Tornando alla domanda, perché ho scritto questo libro, la risposta è semplice; perché nessuno dimentichi e perché tali atrocità non si ripetano più. Non sono riuscita a rimanere indifferente davanti a tutte queste ingiustizie e, tramite Lia, ho raccontato la storia di una famiglia italiana di Roma, con i suoi problemi e le sue caratteristiche, che d’improvviso si ritrova costretta a nascondersi in una cantina, per poi essere catturata dai nazisti ed essere internata ad Auschwitz, solo perché ebrea. Che senso ha tutto questo? Ai miei occhi non ha nessun senso. Nessun individuo innocente dovrebbe subire tali ingiustizie e nessuno dovrebbe essere privato della libertà e dei sogni. Ho scritto questo libro perché nessuno, né adesso né mai, sia più costretto a cucire sulle proprie vesti una stella soltanto perché ebreo. Perché nessuno sia più costretto a privarsi dell’identità e a diventare soltanto un numero.
Ci tengo anche a dire che in questo periodo sono molto impegnata con la stesura di un altro romanzo, mentre a giugno pubblicherò il mio secondo libro. È un altro romanzo cui tengo molto, che racconta un’altra verità da non dimenticare, una verità dei giorni nostri. Il romanzo è ambientato in India, il Paese peggiore in cui nascere donna. Tratta temi delicati ma forti al tempo stesso. La violenza sulle donne, i matrimoni combinati e si sofferma su un legame che s’instaura tra due ragazze che, nel corso del romanzo, diventano amiche, nonostante le loro diversità.

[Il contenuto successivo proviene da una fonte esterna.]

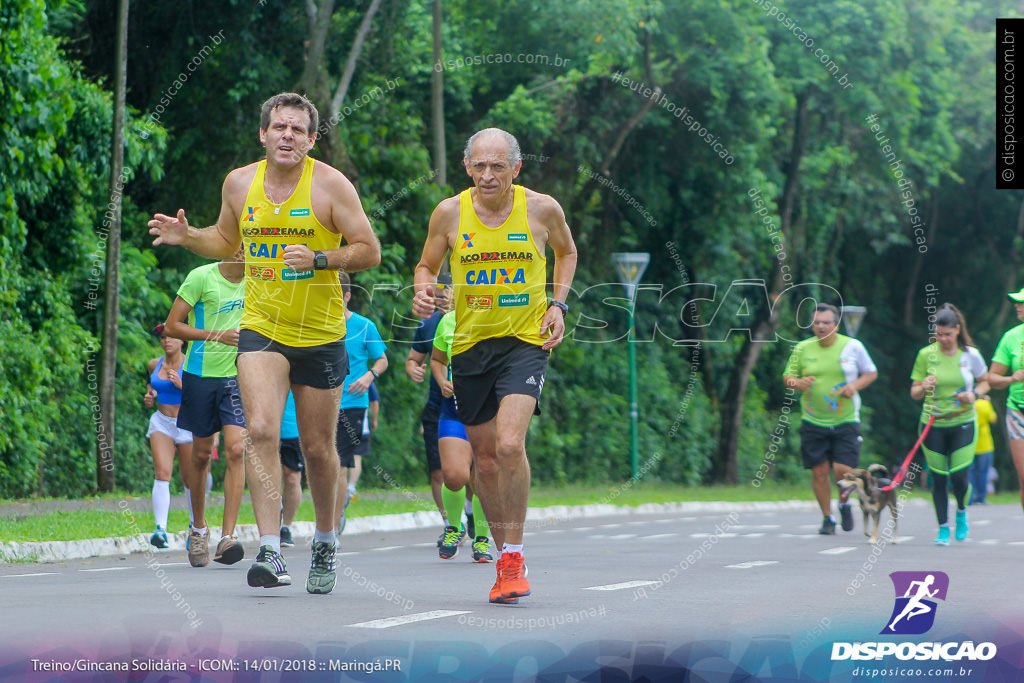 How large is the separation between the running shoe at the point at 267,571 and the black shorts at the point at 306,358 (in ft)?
2.73

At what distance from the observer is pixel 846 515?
1420 centimetres

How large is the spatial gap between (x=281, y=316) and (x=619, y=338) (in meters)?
22.5

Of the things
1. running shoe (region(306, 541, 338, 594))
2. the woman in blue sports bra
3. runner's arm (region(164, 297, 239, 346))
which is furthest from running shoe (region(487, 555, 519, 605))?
the woman in blue sports bra

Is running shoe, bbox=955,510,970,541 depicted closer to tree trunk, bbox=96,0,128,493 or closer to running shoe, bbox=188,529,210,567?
running shoe, bbox=188,529,210,567

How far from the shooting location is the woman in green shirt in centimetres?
1307

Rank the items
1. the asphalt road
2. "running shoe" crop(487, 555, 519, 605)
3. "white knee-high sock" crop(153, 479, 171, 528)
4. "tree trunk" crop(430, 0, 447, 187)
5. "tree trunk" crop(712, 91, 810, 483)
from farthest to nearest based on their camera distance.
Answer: "tree trunk" crop(712, 91, 810, 483)
"tree trunk" crop(430, 0, 447, 187)
"white knee-high sock" crop(153, 479, 171, 528)
"running shoe" crop(487, 555, 519, 605)
the asphalt road

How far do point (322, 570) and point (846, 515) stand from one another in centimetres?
817

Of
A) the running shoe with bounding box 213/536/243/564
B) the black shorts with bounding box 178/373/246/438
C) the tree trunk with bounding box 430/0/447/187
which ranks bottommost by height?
the running shoe with bounding box 213/536/243/564

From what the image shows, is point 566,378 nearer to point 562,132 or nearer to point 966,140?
point 562,132

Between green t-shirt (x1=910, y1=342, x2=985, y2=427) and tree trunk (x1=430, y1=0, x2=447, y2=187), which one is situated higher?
tree trunk (x1=430, y1=0, x2=447, y2=187)

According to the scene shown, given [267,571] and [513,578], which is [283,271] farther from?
[513,578]

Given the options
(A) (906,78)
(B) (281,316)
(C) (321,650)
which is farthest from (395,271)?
(C) (321,650)

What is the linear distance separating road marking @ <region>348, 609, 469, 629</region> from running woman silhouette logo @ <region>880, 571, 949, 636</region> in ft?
6.25

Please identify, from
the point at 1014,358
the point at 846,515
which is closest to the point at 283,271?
the point at 1014,358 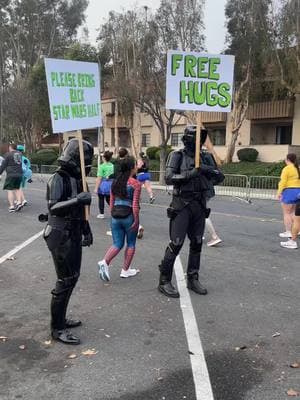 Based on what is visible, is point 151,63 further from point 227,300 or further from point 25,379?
point 25,379

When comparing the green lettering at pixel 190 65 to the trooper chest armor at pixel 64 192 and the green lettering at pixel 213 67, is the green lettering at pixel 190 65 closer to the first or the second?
the green lettering at pixel 213 67

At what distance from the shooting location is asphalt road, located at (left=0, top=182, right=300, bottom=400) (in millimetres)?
3318

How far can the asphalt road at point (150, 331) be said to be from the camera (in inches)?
131

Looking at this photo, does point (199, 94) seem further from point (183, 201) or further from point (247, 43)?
point (247, 43)

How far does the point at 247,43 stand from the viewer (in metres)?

Questa in poche parole sono io. So che scriverò fino a quando avrò occasione di farlo, perché scrivere per me è fantastico, è magia. È dare una voce a chi non ne ha una, è raccontare. È imparare e crescere. È sognare e vivere al tempo stesso.
27 OTTOBRE 2014
Lulu.com
pagine: 496
prezzo: 1.99 (ebook)
Lia ha tredici anni. È una ragazzina italiana piena di sogni e di allegria, con l’unica colpa di essere ebrea durante la Seconda Guerra Mondiale. Dallo scoppio delle leggi razziali la sua vita cambia, e con la sua famiglia è costretta a rifugiarsi in numerosi nascondigli, a sparire dal mondo. Da quel mondo di cui vuole fare disperatamente parte. Passano gli anni, conditi da giornate piene di vicende, di primi amori, di paure e di speranze, come quella più grande, la speranza che presto la guerra finirà. Ma nessuno ha preparato Lia alla rabbia dei nazisti. Il 16 ottobre 1943, la comunità ebraica del ghetto di Roma viene rastrellata dalla Gestapo e i nazisti le ricorderanno che una ragazzina ebrea non ha il diritto di sognare, di sperare, di amare. Di vivere. Lia sarà deportata ad Auschwitz con la sua famiglia, e da quel giorno avrà inizio il suo incubo. Terrore, lavoro, malattie, camere a gas, morti. E determinazione. Quella che Lia non vuole abbandonare. Quella determinazione che vorrà usare per gridare al mondo di non dimenticare. Quella determinazione che brillerà nei suoi occhi quando il freddo sarà troppo pungente, quando la fame sarà lancinante, quando la morte sarà troppo vicina e quando sarà deportata in altri campi di concentramento.
Quella determinazione che le farà amare la vita, e che le ricorderà che anche le ragazzine ebree hanno il diritto di sognare. Perché non esistano mai più le casacche a righe, perché nessuno sia più costretto a vivere in base a un numero tatuato su un braccio o in base a una stella cucita sulla veste.
Perché dal cielo non cadano più le stelle.